Not for: curating/compressing registries → `/prune-memory`. The skill never edits registry content (read-only here).
## How it runs
**REQUIRED ENGINE:** `lib/reconcile.sh` does the mechanical truth-probing. A capable agent CAN reconcile by hand — but burns ~50k tokens, depends on the question being phrased well, and still hits traps (compound status, a disclaimer instead of a check). The engine is deterministic, cheap, repeatable. Source it, then:
1. Enumerate registry entries from BODY headings (`reconcile_enumerate_ids`, never the Index).
2. Per declared item, run the matching oracle (`reconcile_oracle_*`, `reconcile_blk_current_status` = last block wins) and apply `reconcile_verdict`.
3. Classify into the four categories.
4. **Gate the write-back** (below).
## Output — four categories
1. **Actionable now** — open AND real state confirms not done.
2. **Blocked (external)**`reconcile_blk_open`: current status upstream/open, not our code.
3. **Deferred** — lexically-marked follow-ups + `[~]` items (conditional triggers).
4. **TODO↔real gap** — declared ≠ verdict (open-but-done, done-but-open, partial-but-done).

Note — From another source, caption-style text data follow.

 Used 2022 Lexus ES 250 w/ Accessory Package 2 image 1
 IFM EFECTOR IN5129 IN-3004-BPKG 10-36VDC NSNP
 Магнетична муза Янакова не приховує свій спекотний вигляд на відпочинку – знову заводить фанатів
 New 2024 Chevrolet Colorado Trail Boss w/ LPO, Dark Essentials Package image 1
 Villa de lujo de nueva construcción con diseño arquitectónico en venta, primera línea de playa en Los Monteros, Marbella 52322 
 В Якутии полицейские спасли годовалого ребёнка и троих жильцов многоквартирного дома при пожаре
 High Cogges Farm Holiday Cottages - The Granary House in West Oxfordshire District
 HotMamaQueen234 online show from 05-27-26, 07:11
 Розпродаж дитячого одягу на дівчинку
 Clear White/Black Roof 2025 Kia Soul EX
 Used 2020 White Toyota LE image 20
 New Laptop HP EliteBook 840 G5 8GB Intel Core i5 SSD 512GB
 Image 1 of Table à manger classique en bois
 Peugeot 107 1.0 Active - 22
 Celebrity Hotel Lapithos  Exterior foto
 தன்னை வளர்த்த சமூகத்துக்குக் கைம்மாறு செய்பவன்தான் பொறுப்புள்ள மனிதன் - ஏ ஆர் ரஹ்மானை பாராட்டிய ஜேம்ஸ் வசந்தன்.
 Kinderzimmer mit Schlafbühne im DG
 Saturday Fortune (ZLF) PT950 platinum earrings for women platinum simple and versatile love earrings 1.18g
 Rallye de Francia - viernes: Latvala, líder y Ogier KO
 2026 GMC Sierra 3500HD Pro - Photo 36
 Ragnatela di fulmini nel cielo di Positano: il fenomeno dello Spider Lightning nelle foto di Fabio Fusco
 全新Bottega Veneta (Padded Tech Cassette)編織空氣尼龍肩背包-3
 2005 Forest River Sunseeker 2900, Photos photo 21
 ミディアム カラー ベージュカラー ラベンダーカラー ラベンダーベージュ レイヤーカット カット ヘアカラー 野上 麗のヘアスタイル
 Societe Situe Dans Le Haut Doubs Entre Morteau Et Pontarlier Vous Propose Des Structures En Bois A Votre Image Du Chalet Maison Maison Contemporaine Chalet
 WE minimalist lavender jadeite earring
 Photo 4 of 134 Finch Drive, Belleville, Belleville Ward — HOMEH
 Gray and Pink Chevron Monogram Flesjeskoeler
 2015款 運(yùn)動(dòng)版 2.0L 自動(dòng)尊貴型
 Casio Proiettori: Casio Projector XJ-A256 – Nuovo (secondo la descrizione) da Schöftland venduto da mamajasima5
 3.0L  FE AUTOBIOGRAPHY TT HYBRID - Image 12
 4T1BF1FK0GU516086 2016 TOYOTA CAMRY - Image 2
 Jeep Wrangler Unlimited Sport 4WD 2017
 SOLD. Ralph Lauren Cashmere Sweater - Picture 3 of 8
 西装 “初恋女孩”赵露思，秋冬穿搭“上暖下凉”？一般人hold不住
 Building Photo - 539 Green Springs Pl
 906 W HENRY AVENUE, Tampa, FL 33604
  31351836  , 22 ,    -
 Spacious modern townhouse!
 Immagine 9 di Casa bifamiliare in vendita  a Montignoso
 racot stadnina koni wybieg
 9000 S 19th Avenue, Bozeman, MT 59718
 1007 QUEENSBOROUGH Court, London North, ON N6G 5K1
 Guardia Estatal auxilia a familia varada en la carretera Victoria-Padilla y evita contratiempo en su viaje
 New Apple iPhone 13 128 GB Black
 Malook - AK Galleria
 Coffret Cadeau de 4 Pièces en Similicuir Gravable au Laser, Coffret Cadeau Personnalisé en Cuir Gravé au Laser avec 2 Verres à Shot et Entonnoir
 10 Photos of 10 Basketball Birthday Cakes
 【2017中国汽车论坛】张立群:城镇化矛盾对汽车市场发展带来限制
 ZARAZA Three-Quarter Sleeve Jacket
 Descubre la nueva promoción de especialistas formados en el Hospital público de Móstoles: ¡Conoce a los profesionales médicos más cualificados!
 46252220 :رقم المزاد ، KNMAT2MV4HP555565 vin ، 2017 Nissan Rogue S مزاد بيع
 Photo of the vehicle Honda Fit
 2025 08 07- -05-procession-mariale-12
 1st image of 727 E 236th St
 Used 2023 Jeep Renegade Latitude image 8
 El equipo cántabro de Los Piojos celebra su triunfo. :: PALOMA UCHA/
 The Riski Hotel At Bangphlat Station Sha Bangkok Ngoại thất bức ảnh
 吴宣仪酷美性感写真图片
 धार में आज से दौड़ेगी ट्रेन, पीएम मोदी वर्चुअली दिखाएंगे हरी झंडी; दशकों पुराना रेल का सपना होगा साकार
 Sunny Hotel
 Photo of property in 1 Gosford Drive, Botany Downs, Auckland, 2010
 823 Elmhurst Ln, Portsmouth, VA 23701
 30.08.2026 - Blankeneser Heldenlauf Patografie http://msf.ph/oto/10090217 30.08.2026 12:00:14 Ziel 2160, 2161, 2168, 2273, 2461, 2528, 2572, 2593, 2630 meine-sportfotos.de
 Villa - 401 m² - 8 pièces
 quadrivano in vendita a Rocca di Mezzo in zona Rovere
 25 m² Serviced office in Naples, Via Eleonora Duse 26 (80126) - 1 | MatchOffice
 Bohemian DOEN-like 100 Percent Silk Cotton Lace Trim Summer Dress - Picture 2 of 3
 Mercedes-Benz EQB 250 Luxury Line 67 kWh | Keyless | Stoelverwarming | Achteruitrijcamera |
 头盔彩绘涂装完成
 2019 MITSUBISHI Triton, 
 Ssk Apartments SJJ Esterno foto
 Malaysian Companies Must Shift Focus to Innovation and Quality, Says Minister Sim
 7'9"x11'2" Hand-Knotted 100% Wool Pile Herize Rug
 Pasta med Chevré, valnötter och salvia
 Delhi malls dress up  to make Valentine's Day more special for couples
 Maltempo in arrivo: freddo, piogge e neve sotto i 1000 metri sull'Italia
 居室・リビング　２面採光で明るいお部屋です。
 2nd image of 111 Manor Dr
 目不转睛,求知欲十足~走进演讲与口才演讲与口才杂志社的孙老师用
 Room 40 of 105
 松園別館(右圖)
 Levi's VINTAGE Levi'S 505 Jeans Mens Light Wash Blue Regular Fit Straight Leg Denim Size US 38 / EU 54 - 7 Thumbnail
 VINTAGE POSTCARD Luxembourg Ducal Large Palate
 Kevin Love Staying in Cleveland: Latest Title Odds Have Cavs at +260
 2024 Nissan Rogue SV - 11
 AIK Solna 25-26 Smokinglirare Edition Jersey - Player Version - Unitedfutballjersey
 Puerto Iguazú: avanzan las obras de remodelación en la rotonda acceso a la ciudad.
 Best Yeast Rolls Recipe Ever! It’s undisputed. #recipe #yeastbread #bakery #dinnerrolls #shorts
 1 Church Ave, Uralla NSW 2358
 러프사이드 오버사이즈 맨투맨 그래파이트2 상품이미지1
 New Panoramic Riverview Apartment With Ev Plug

Plus **contradiction candidates**`reconcile_contradiction_candidates`: accepted-BDR ⇄ open-chantier overlap, surfaced for human review.
## The gate (mandatory)
Reconciling the TODO edits a tracked file → never silent. Show the proposed diff, then ask: **A** apply all · **B** select a subset · **C** touch nothing. Registries stay READ-ONLY (append-only; curation is `/prune-memory`).
## Honest limits (do not over-read the guarantee)
- Deferral detection is **lexical** — catches MARKED deferrals, misses unmarked ("à reprendre quand X"). Deterministic on the detectable; surface the ambiguous for human review, never assert.
- Contradictions are **candidates** (token overlap), not verdicts — a human confirms.
- Cross-repo items (oracle in another repo) → "not verifiable here", never flagged stale.
- Cross-reference verdicts ("[~] done because chantier X below is complete") are SURFACED, not auto-resolved.
## Common mistakes
- Grepping `[ ]` and reporting it as open → reproduces the lie. Run the oracle.
- Reading the `## Index` for status → inherits its drift (T1 forbids it).
- Writing a disclaimer ("à vérifier si déjà fait") instead of verifying → the engine verifies, it never hedges-and-advances.
## Validation
`bash lib/tests/run-reconcile.sh` → 20/20, shellcheck clean. Oracle of record = the 2026-06-29 inventory (7 gaps + 3 blocked + 5 deferred + 1 contradiction), fixtures frozen under neutral names in `lib/tests/fixtures/`.